# 55 Gallon corner bow stocking?????



## NickC5FE (Nov 18, 2010)

I am looking at starting the stocking of my FOWLR 55 gallon corner bow and these are the species i would like, what do you think:

1-Auriga butterfly
1-Kauderns cardinal
1- Bicolor Dwarf Angel
2- Clowns
1- Six line wrasse

Obviously i will not be stocking them all at the same time, and they will be going through QT prior to hitting the display tank...

Is this list a recipe for success (over time)? Also, what sequence would you add them in? I was thinking clowns first........

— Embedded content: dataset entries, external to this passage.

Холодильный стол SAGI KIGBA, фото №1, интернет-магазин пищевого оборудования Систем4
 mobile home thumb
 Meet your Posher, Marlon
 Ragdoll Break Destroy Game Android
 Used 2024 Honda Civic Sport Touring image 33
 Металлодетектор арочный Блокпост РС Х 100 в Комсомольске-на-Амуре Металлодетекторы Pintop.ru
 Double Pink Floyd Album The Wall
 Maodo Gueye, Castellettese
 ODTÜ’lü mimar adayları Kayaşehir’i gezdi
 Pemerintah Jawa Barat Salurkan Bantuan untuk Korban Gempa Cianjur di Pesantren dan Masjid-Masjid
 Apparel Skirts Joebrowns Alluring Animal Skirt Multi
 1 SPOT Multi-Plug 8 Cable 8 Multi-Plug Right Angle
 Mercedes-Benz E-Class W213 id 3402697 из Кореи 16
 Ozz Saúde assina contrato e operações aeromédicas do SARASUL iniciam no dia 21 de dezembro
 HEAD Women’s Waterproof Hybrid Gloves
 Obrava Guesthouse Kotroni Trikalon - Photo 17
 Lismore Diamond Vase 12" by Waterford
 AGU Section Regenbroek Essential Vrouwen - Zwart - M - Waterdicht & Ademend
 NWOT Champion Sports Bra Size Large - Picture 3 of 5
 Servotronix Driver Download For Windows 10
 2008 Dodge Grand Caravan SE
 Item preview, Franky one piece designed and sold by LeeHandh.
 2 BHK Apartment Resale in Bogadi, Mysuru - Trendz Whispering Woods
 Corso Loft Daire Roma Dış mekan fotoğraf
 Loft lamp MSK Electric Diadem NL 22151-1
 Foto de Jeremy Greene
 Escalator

Lastly, my skimmer should be way more than sufficient in cleaning, it is a euro reef cs6-2. 

THANKS A LOT IN ADVANCE, Nick


----------



## Pasfur (Mar 29, 2008)

NickC5FE said:


> I am looking at starting the stocking of my FOWLR 55 gallon corner bow
> 1-Auriga butterfly
> 1-Kauderns cardinal
> 1- Bicolor Dwarf Angel
> ...


First and most important, nix the Six Line Wrasse. These little guys are crazy aggressive. I had one in my 54 bowfront and regretted it from day 1. It disappeared during my Jamaica trip and I am more than glad to wish it good residence.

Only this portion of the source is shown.